10.1	Introduction and Summary

This chapter presents the financial assumptions used in the EPA Platform v6 Post-IRA 2022 Reference
Case (EPA Platform v6). EPA Platform v6 models a diverse set of generation and emission control
technologies, each of which requires financing92, and incorporates updates to reflect The Tax Cuts and
Jobs Act of 2017.93 The capital charge rate converts the capital cost for each investment into a stream of
levelized annual payments that ensures recovery of all costs associated with a capital investment
including recovery of and return on invested capital and income taxes. The discount rate is used to
convert all dollars to present values and IPM minimizes the present value of annual system costs. The
discount rate is set equal to the weighted average costs of capital. Describing the methodological
approach to quantifying the discount and capital charge rates in the EPA Platform v6 is the primary
purpose of this chapter.

10.2	Introduction to Risk

The cost of capital is the level of return investors expect to receive for alternative investments of
comparable risk. Investors will only provide capital if the return on the investment is equal to or greater
than the return available to them for alternative investments of comparable risk. Accordingly, the long-run
average return required to secure investment resources is proportional to risk. There are several
dimensions to risk that are relevant to power sector operations, including:

•	Market Structure -The risk of an investment in the power sector is heavily dependent on
whether the wholesale power market is regulated or deregulated. The risks are higher in a
deregulated market compared to a traditionally regulated utility market. Slightly more than half of
U.S. generation capacity is deregulated (operated by Independent Power Producers (IPPs), or
'merchants').94 IPPs often sell power into spot markets supplemented by near-term hedges. In
contrast, regulated plants sell primarily to franchised customers at regulated rates, an
arrangement that significantly mitigates uncertainty, and therefore risk.95

•	Technology - The selection of new technology investment options is partially driven by the risk
profile of these technology investments. For instance, in a deregulated merchant market an
investment in a peaking combustion turbine is likely to be much riskier than an investment in a
combined cycle unit. This is because a combustion turbine operates as a peaking unit and can
generate revenues only in times of high demand, or via capacity payments, while a combined
cycle unit is able to generate revenues over a much larger number of hours in a year from the
energy markets as well as via capacity payments. An investor in a combined cycle unit,
therefore, would require a lower return due to a more diversified stream of revenue, and receive a
lower risk premium than an investor in a combustion turbine, all else equal.

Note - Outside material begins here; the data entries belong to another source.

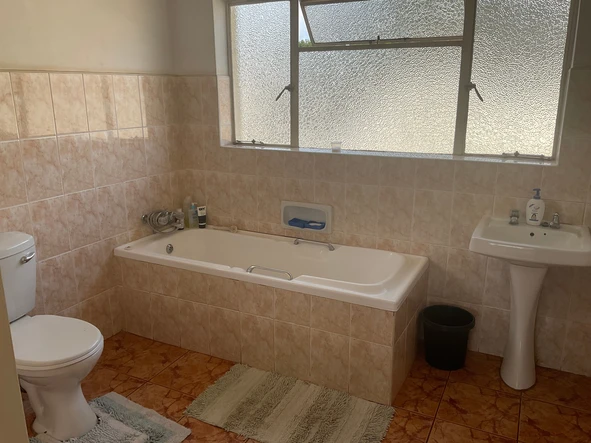 3 Bedroom Flat & Apartment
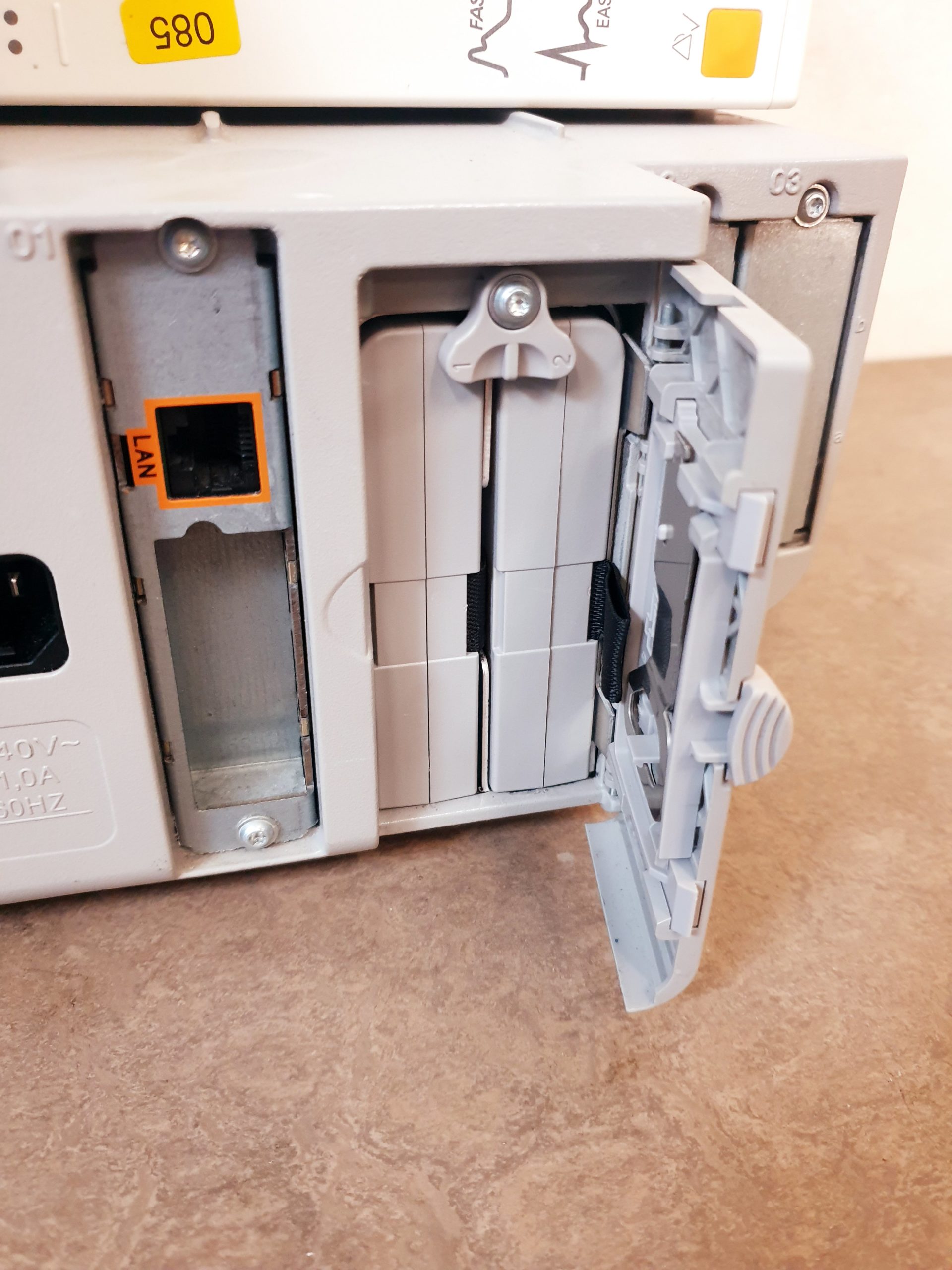Philips IntelliVue MP20 Neonatal Überwachungsmonitor mit Modul thumbnail 9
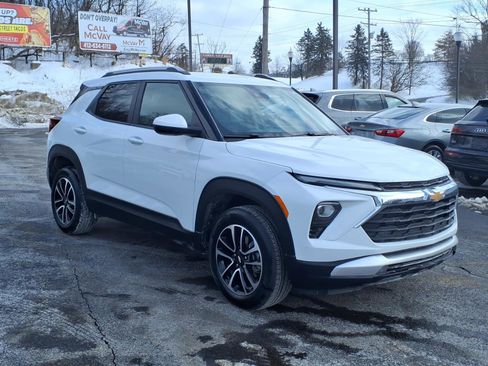 Used 2025 Chevrolet TrailBlazer LT image 5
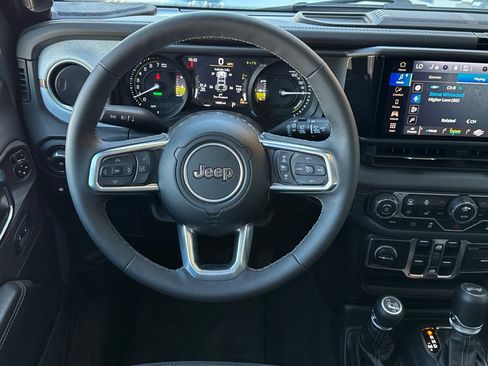 Used 2025 Jeep Wrangler Unlimited Sahara AWD/4WD image 17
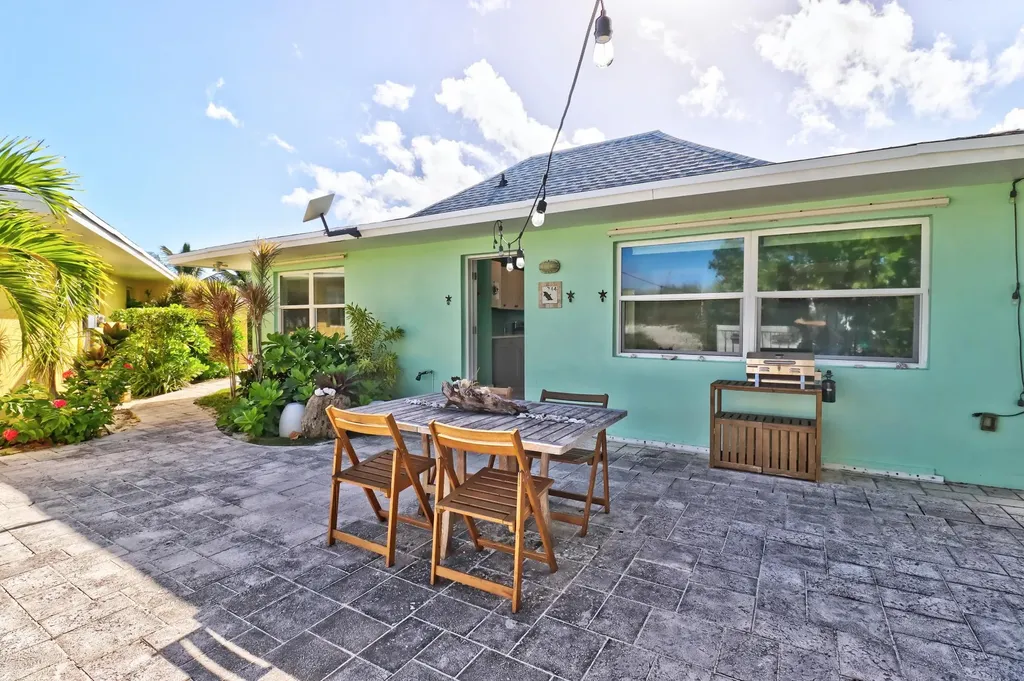 Beach Villas Surf Shack Abaco BS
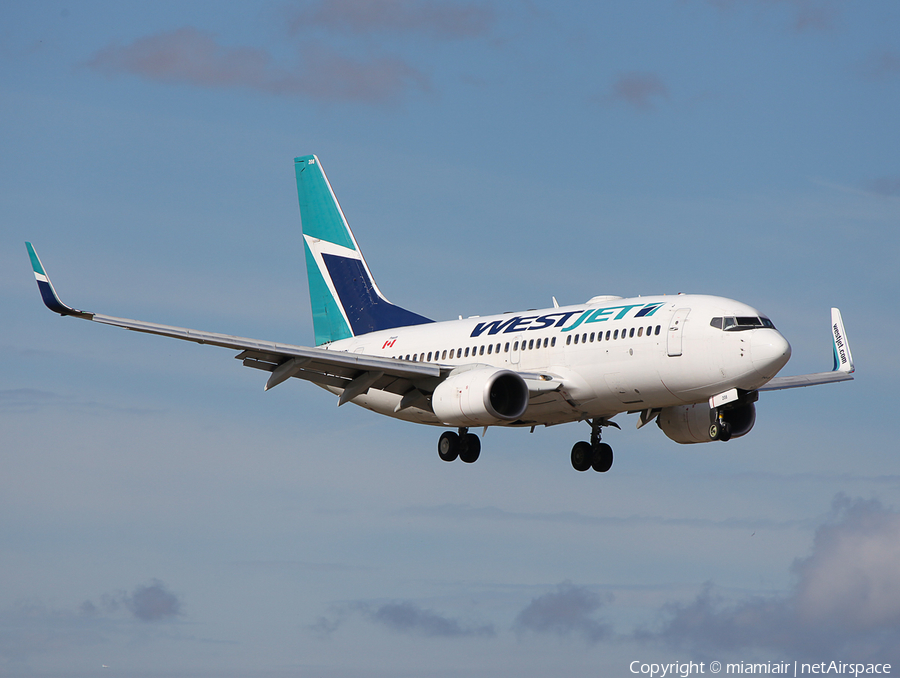 WestJet Boeing 737-7CT (C-FWBL) | Photo 65101
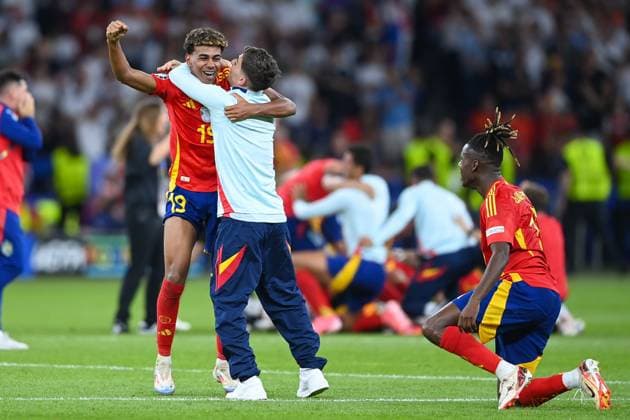 Fussball, Herren, Saison 2023 24, UEFA EURO, EM, Europameisterschaft,Fussball EM 2024, Finale in Berlin, Spanien - England, v.l. Lamine Yamal (Spanien), Gavi und Nico Williams (Spanien) jubeln nach dem Gewinn der UEFA Europameisterschaft 2024 , 14.07. 2024, Copyright: xSebastianxRäppold MatthiasxKochx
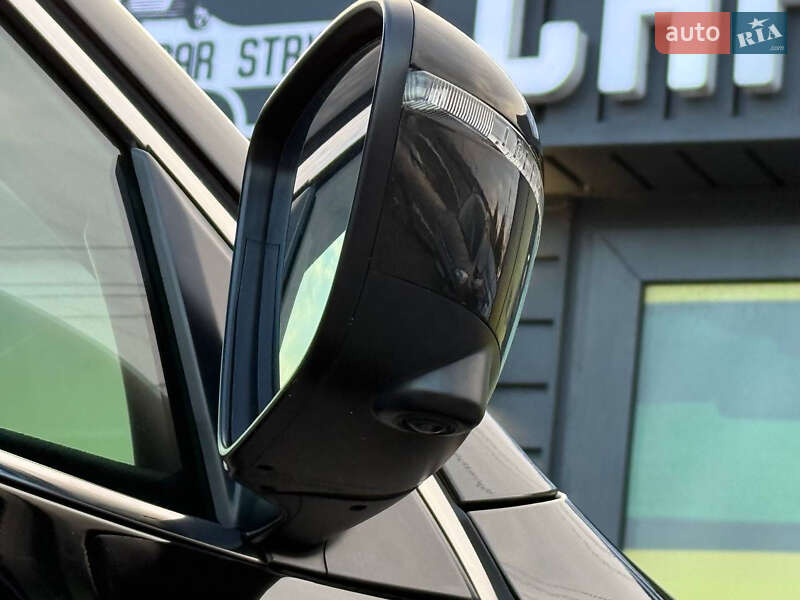 Позашляховик / Кросовер Nissan Qashqai 2015 в Стрию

92	The capital charge rates discussed here apply to new (potential) units and environmental retrofits that IPM selects.
The capital cost of existing and planned/committed generating units (also referred to as 'firm'), and the emission
controls already on these units are considered sunk costs and are not represented in the model.

93	The Tax Cuts and Jobs Act of 2017, Pub.L. 115-97.

94	According to EIA Form 860 2019, the current capacity mix is 58% utility and 42% merchant by MW.

95	There is a potential third category of risk, where IPPs enter into long-term (e.g., ten years or longer), known-price
contracts with credit worthy counterparties (e.g., traditionally regulated utilities). With a guaranteed, longer-term
price, the risk profile of this segment of the IPP fleet is similar enough to be treated as regulated plants.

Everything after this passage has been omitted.